There were four of them scattered before me. Big hairy things, wrapped in hides around their bodies and waists, easily a foot taller than me, with long arms and hands big enough to beat a horse to death. Their broad, ugly faces and muscular chests were hairless, the exposed black skin marked with colorful swirls and strange patterns.
They reminded me of the big monkeys from my childhood picture books. But instead of carrying bananas, they held weapons.
The smallest of the four knelt beside the dead monster, with a bow in hand and quiver of arrows at his waist. Two others stood by the pasture fence, watching Carbine run away again. The biggest one was sprinting towards me in large strides, stone axe held high overhead. He let out a ferocious roar as he quickly closed the distance.
Even as the iron sights of the Peacemaker lined up on his broad forehead and I squeezed the trigger, I felt like this was a dream. This couldn’t be real. It was laughable. First a monster and now giant monkey-men.
It was ridiculous.
The recoil and gun blast shocked me out of my stupor, as the bullet punched through his skull and he dropped at my feet as though his strings were cut.
The small ape notched an arrow and drew his bow back.
Ducking, I snapped a quick shot at him as he released the string. I caught a glimpse of him spinning, grasping his side, as I dove into the house. The arrow zipped through the open doorway, narrowly missing be, before it thunked into the far wall.
Slamming the door shut, I shoved my pistol into its holster. As heavy feet stomped across the porch, I grabbed the shotgun off the table. Gripping it tightly with both hands, I thumbed the double hammers back, just in time for the door to be kicked open violently.
The slab of wood bashed into me, knocking me backward onto the floor, and sending the box of shotgun shells flying off the small table. The cardboard box burst on impact and the thick cased shells rolled in every direction.
The giant ape’s painted bulk filled the doorway, his stone club held low. Pounding a clenched fist against his broad chest, he roared loudly, revealing yellowed canines.
In return, I let the shotgun roar back with both barrels.
The large twin barrels spewed a cloud of white smoke, and double rounds of buckshot punched through the ape’s painted lower chest and out his upper back. At this range, the mass of packed lead balls didn’t spread, they simply blew a hole in the big monkey large enough to put my fist through. The big bastard flew backward in a spray of blood and pulverized flesh. The stench of burning hair filled the air.
Breaking the shotgun open, I plucked out the empty shells as fast as I could, and grabbed a pair off the floor. I dropped them in and snapped the gun shut, just in time for another ape to come through the door and swing its club at me.
The big stone on the end of the club hit the floor as I dodged aside. Splinters and stone fragments stung my face as it smashed through the wooden floor boards.
I struggled to maneuver the shortened shotgun for a shot and thumbed one of them hammers back.

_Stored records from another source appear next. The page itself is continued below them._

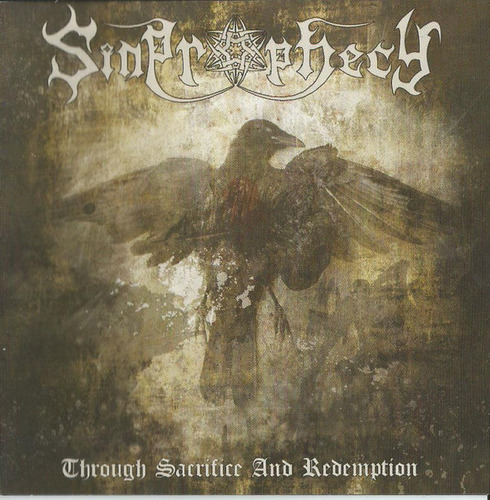 Cd - Sinprophecy -  Through Sacrifice And Redemption 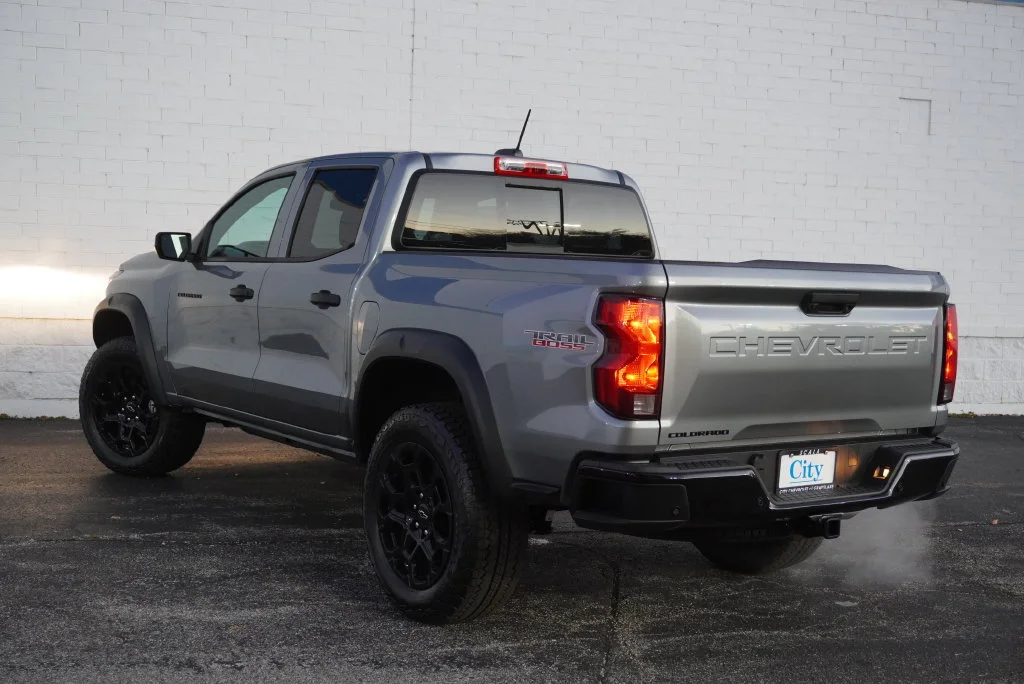 New 2026 Sterling Gray Metallic Chevrolet Trail Boss image 8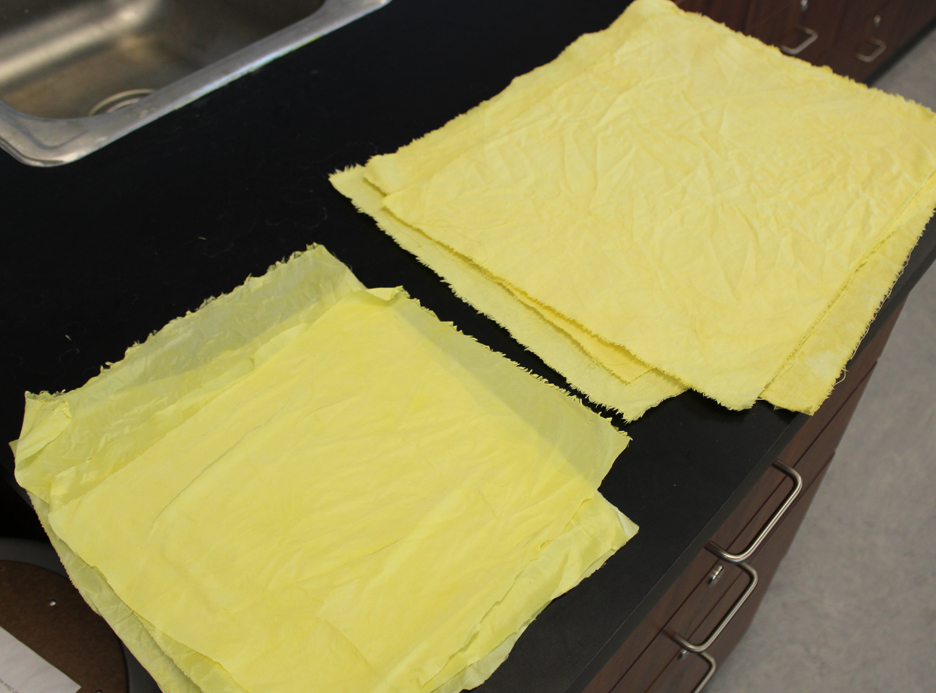 LInen and silk-rabbitbrush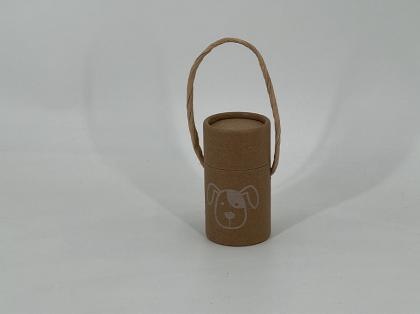 Green Kraft Paper Customization Cylinder Can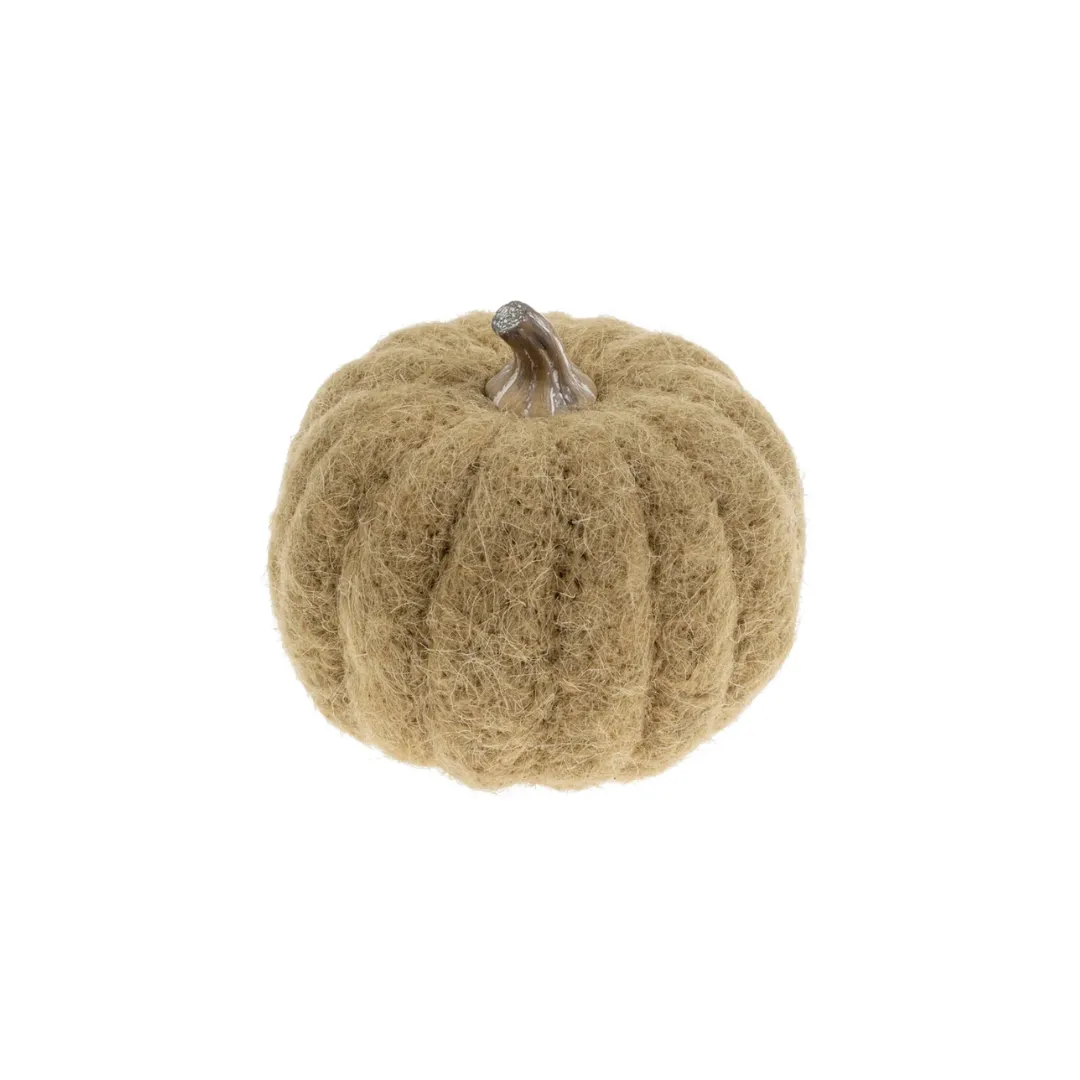 Contemporary Pumpkin Motif Decorative Pumpkin Ornament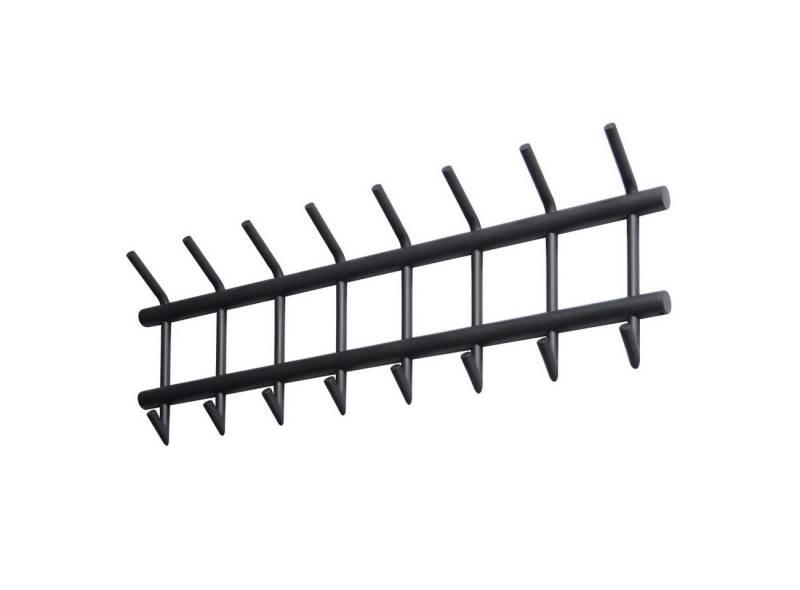 Feeling4Home Garderobe Garderobe Rugavo - Metall Dunkelgrau matt, 8 Haken, Rundrohr mit mattem Design Feeling4Home Garderobe Garderobe Rugavo - Metall Dunkelgrau matt, 8 Haken, Rundrohr mit mattem Design von Feeling4Home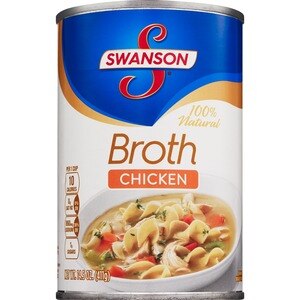 Swanson Broth Chicken 99% Fat Free (Can)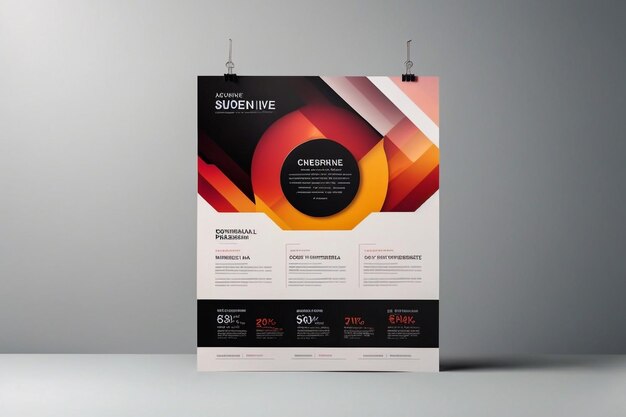 Moderne business letterhead sjabloonontwerp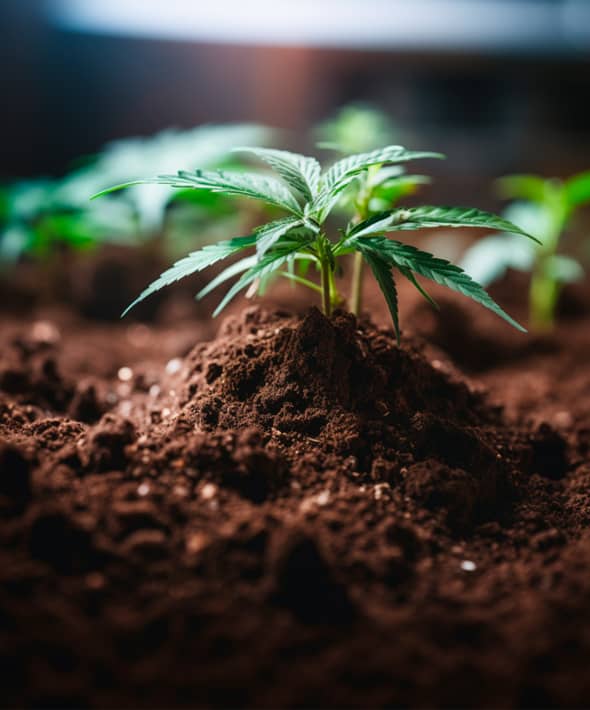Die richtige Auswahl von Cannabis Erde: Grundlage für erfolgreichen Anbau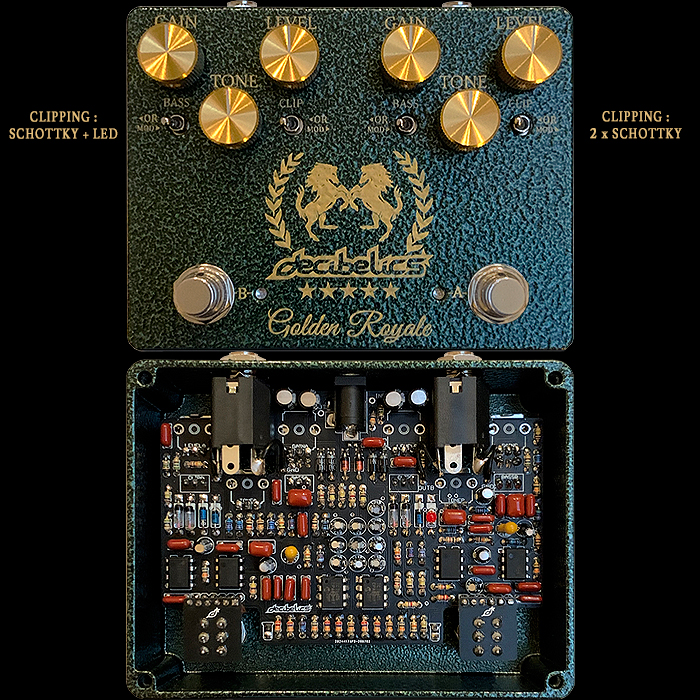 ギター KABA'S CUSTOM EFFECTS F.O. KLONE ギター KABA'S CUSTOM EFFECTS F.O. KLONE KABA'S KABA'S CUSTOM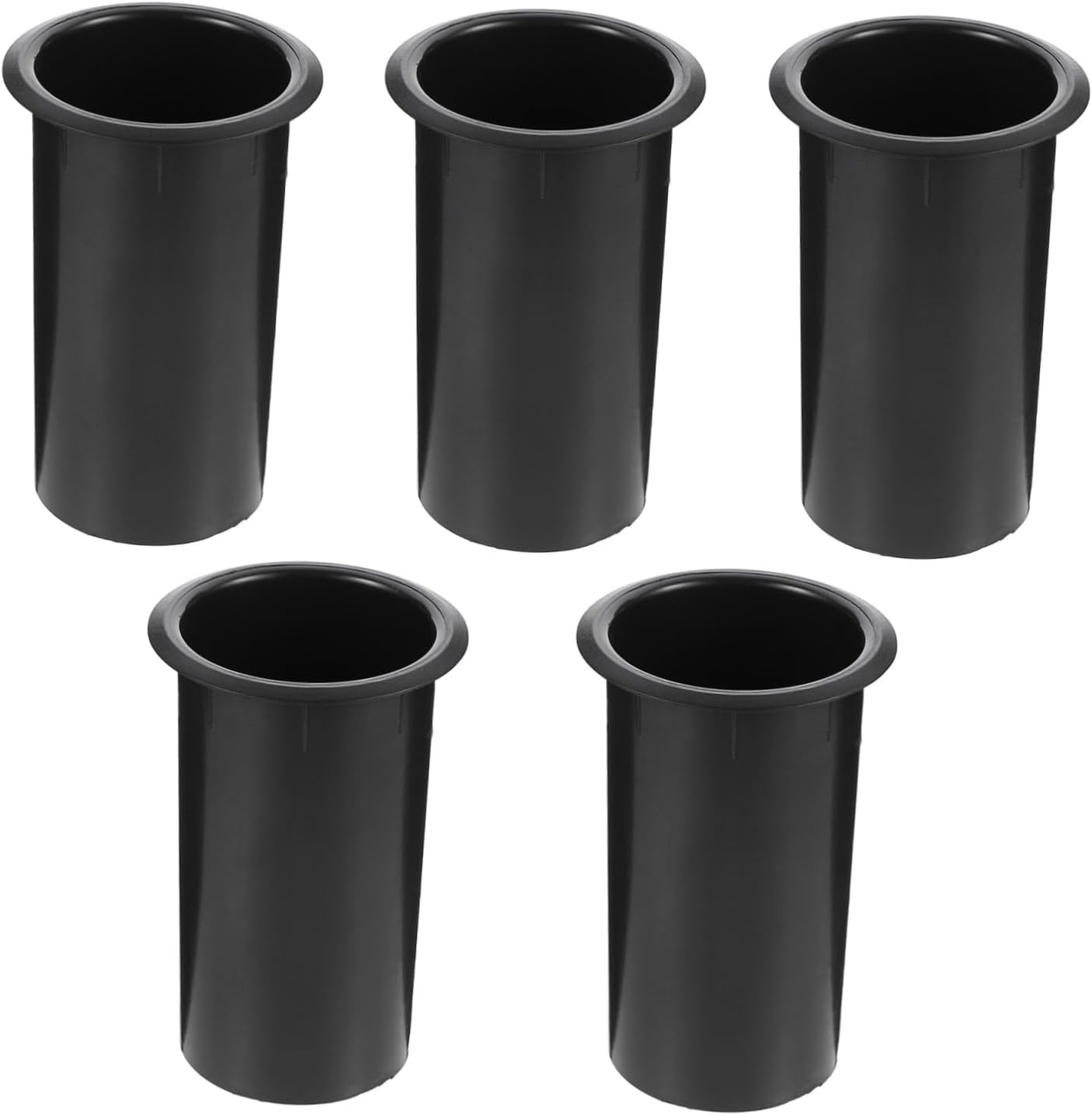 Veemoon 5Pcs Plastic Woofer Box Port Tubes 60X110Mm Replacement Speaker Hole Bass Outlet for Home Audio Speaker Accessories image number 4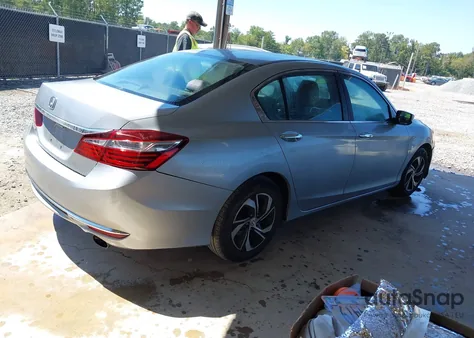 2016 Honda Accord Lx from USA, damaged, VIN 1HGCR2F35GA227545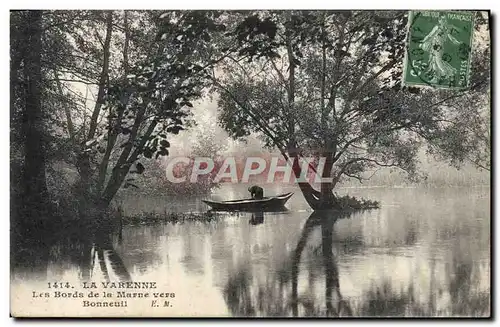 Cartes postales La Varenne Les Biords de la Marne Vers Bonneuil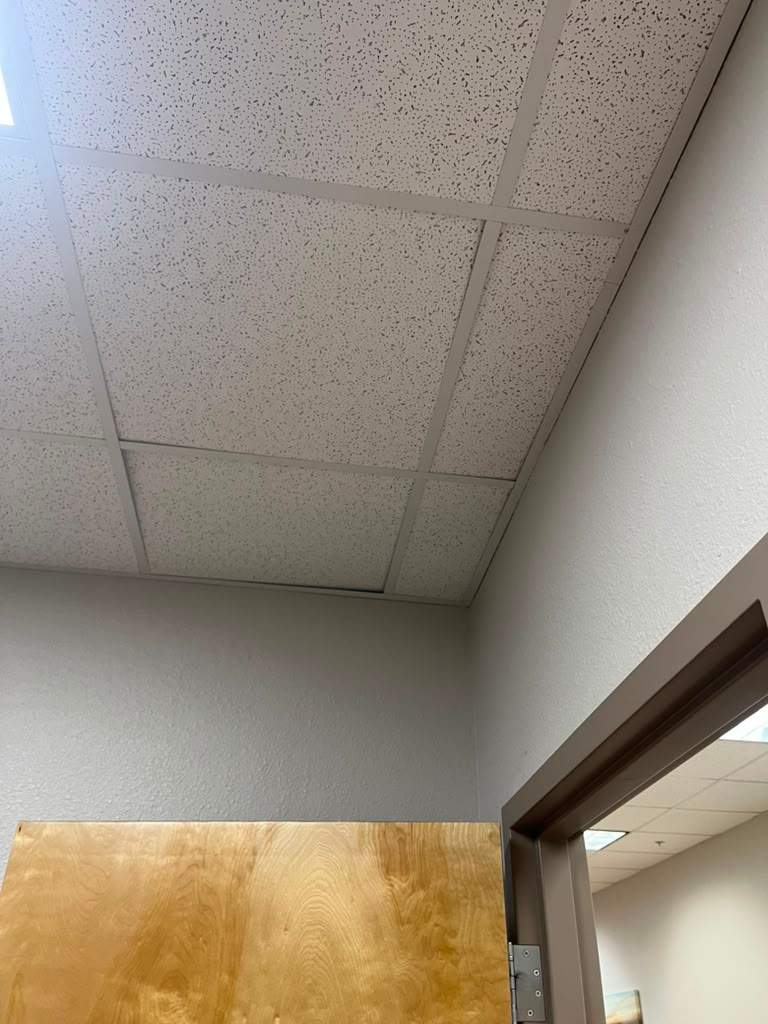 Electrical and lighting repairs at a local clinic by Castro Brothers Solutions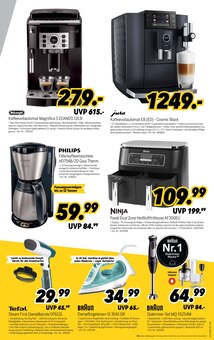 Kaffee im aktuellen MEDIMAX Prospekt (Viersen) Kaffee im MEDIMAX Prospekt "NASS UND SCHWER WILL ICH NICHT MEHR!" mit 11 Seiten (Viersen)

The ape grasped the barrels and ripped the gun away, inadvertently making me pull the trigger and discharging a round of buckshot past his head and into the ceiling. A spray of wooden debris rained down on us. Roaring in painful rage, he dropped his club and clutched his ear as he flung the shotgun across the room with a snarl.
From the ground, I drew my pistol, but lost it, as the ape grasped me by the shirt and leg with an iron grip and threw me across the room. Slamming into a pair of bookshelves near the wood stove, I let out a cry of pain as I fell amongst a shower of books. Falling to the floor, I gasped and swore at the ape’s mother.
A colorfully painted Wyatt Earp glared at me from the cover of a fallen dime novel, his face stern under his tilted hat. Below in large blue words, it said, “CAN HE SURVIVE?”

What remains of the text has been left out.